ABOUT THIS TASK:
Would you repeat the entries below word for word and omit the pictures?

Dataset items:
================================

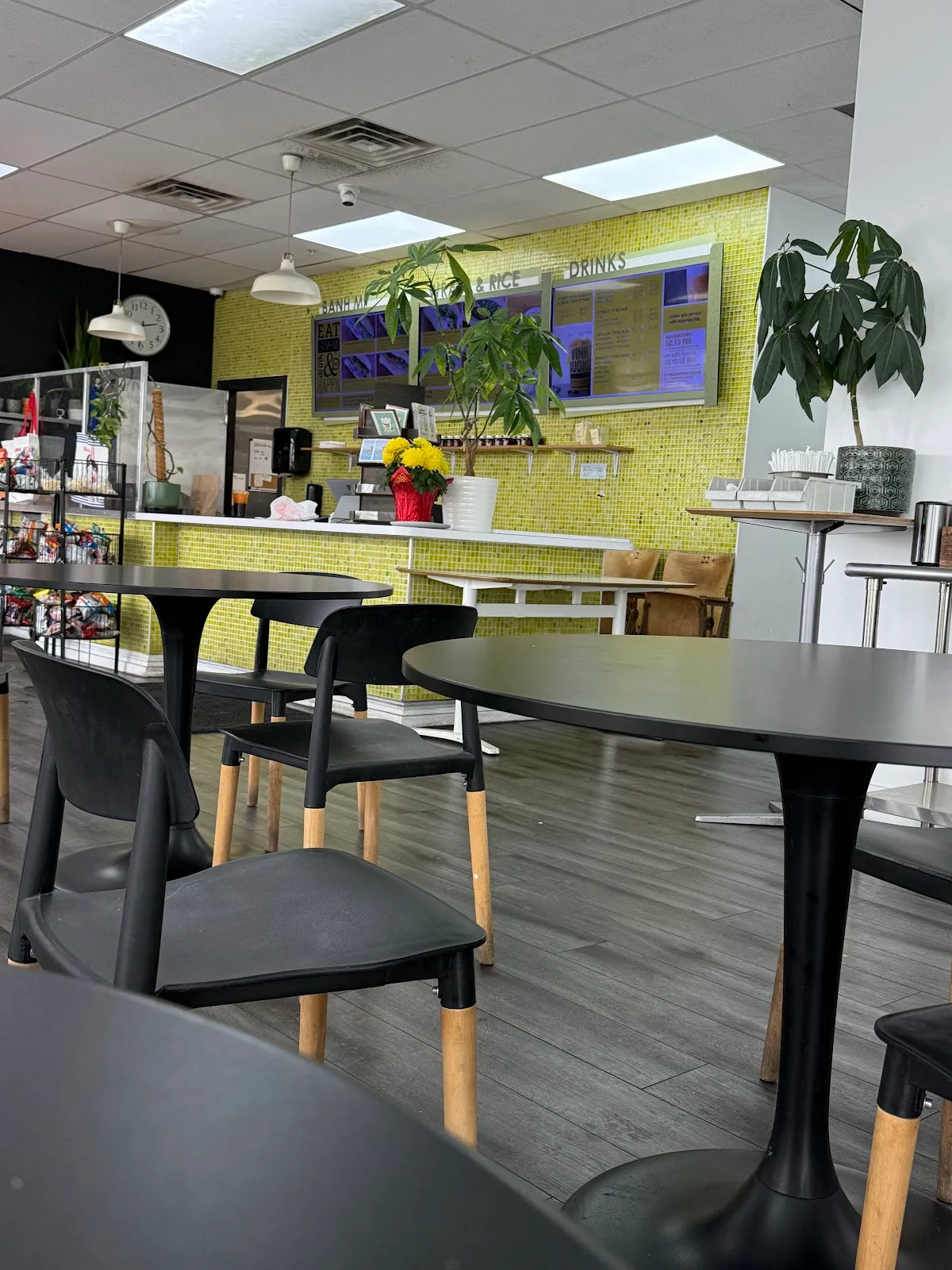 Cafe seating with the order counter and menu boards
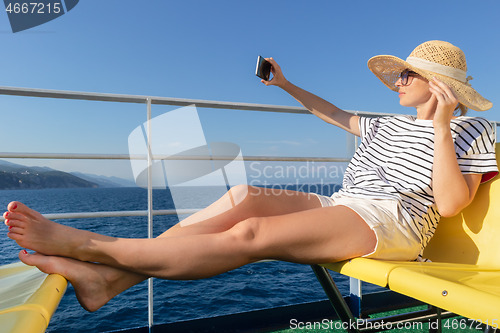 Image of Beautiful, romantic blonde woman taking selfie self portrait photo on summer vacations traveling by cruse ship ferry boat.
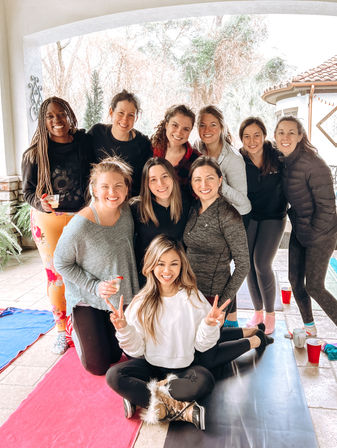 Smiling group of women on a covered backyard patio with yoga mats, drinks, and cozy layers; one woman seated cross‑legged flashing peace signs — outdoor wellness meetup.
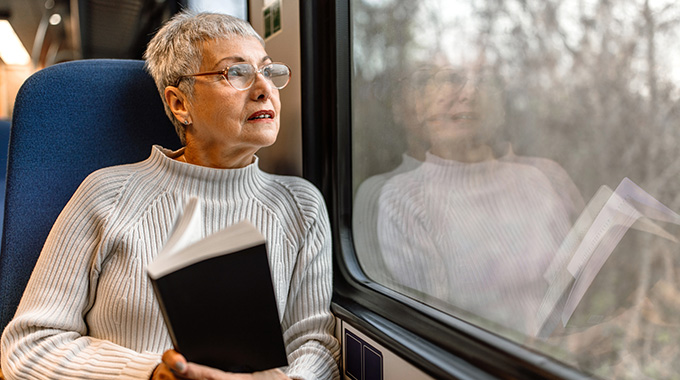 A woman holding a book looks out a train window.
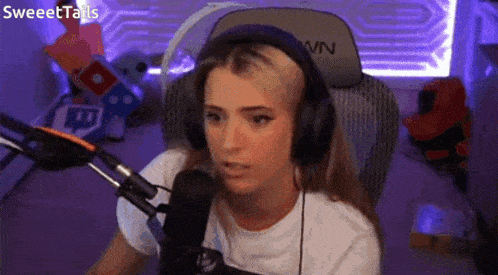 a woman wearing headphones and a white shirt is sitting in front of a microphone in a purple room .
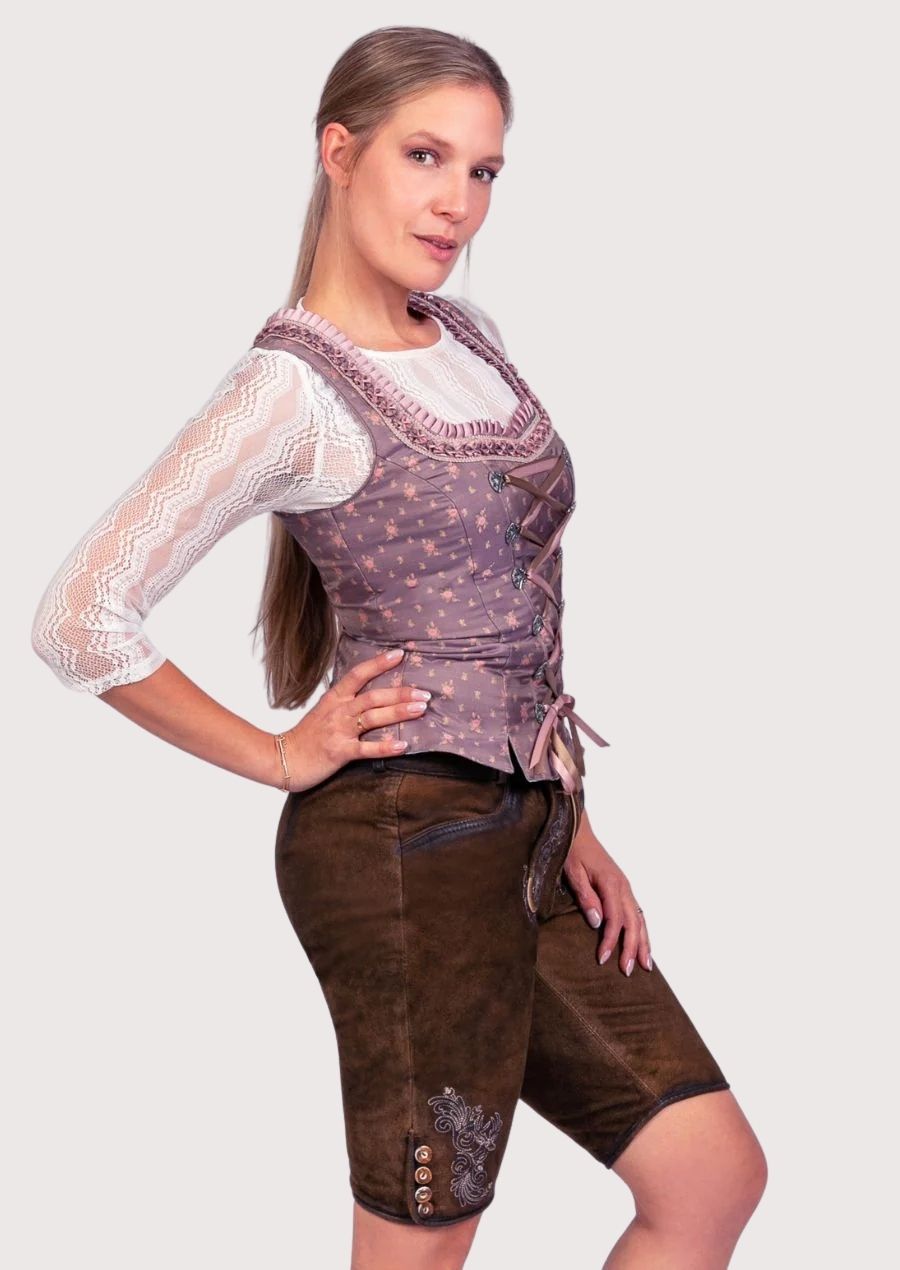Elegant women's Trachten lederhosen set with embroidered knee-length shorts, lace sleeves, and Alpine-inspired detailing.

================================

THE ANSWER:
 Cafe seating with the order counter and menu boards
 Image of Beautiful, romantic blonde woman taking selfie self portrait photo on summer vacations traveling by cruse ship ferry boat.
 Smiling group of women on a covered backyard patio with yoga mats, drinks, and cozy layers; one woman seated cross‑legged flashing peace signs — outdoor wellness meetup.
 A woman holding a book looks out a train window.
 a woman wearing headphones and a white shirt is sitting in front of a microphone in a purple room .
Elegant women's Trachten lederhosen set with embroidered knee-length shorts, lace sleeves, and Alpine-inspired detailing.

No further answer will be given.